--- ASSIGNMENT ---
The material below is to be copied exactly from the line with "If you get the" up to and including the line with "Welcome! This video", with nothing else kept and no pictures.

--- DATA EXCERPTS ---
▬▬▬▬▬▬

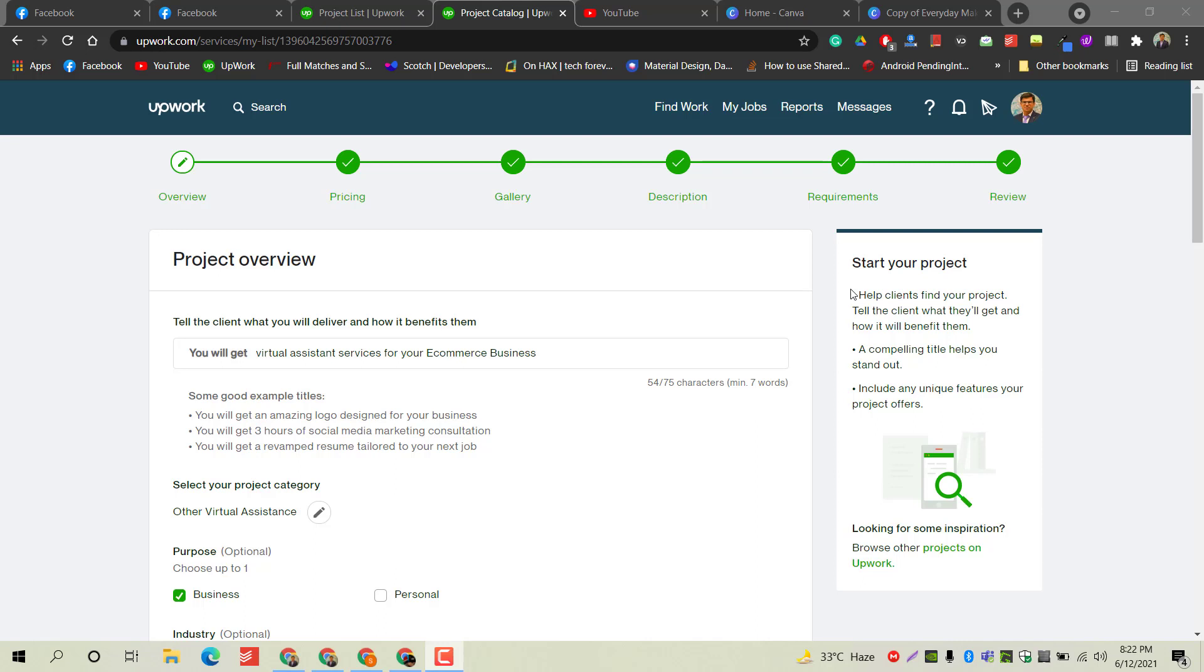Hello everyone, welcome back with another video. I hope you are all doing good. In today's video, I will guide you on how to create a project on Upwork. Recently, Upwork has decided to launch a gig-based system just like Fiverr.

▬▬▬▬▬▬

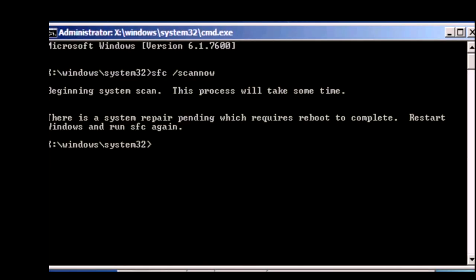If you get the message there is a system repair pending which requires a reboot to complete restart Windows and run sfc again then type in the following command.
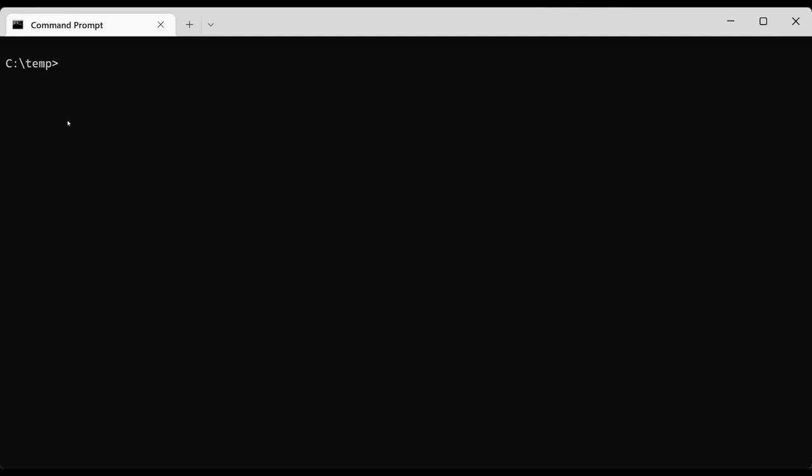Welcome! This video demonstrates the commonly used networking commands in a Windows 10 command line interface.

▬▬▬▬▬▬

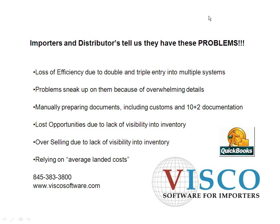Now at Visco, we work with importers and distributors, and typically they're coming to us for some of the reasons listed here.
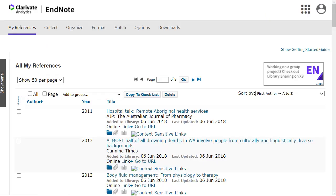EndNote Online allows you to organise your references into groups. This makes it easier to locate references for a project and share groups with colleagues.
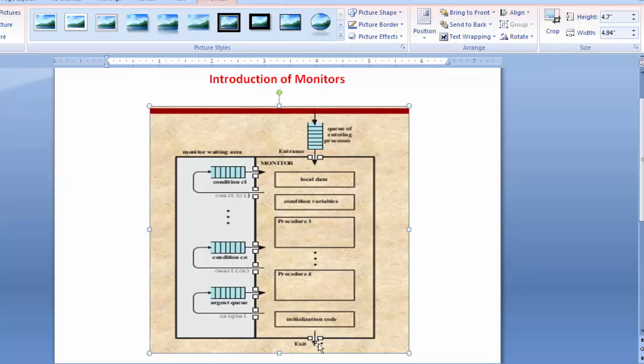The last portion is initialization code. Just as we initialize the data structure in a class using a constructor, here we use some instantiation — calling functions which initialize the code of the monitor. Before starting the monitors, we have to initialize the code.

▬▬▬▬▬▬

--- EXPECTED ANSWER ---
If you get the message there is a system repair pending which requires a reboot to complete restart Windows and run sfc again then type in the following command.
Welcome! This video demonstrates the commonly used networking commands in a Windows 10 command line interface.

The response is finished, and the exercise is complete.